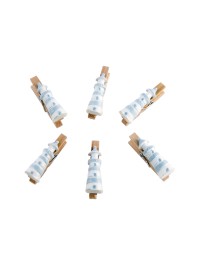 SET OF 6 CLIPS POLY SEA HOUSE  3CM X 1CM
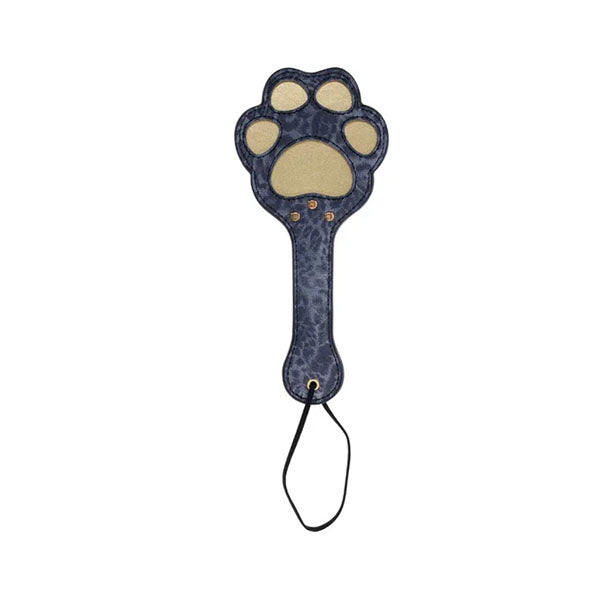 Sex And Mischief Cougar Paw Paddle Navy Blue Gold Spanking Paddle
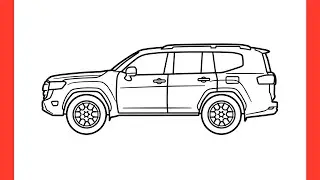 How to draw a TOYOTA LAND CRUISER 300 step by step / drawing toyota lc 300 2021 car easy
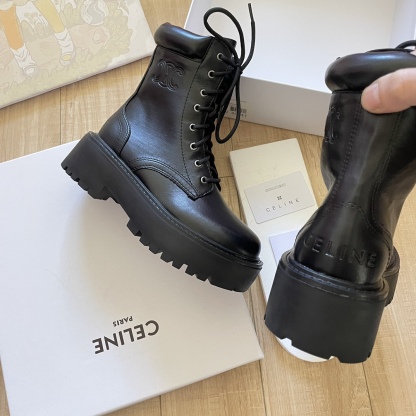 Lace-up platform ankle boots Motorcycle Martin boots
┄┄┄┄┄┄┄┄┄┄┄┄┄┄┄┄┄┄┄┄
Task requirements:
Copy, without the pictures, exactly the lines from the line with "How to draw" through the end of the material above, both ends included.

Result of this exercise:
 How to draw a TOYOTA LAND CRUISER 300 step by step / drawing toyota lc 300 2021 car easy
 Lace-up platform ankle boots Motorcycle Martin boots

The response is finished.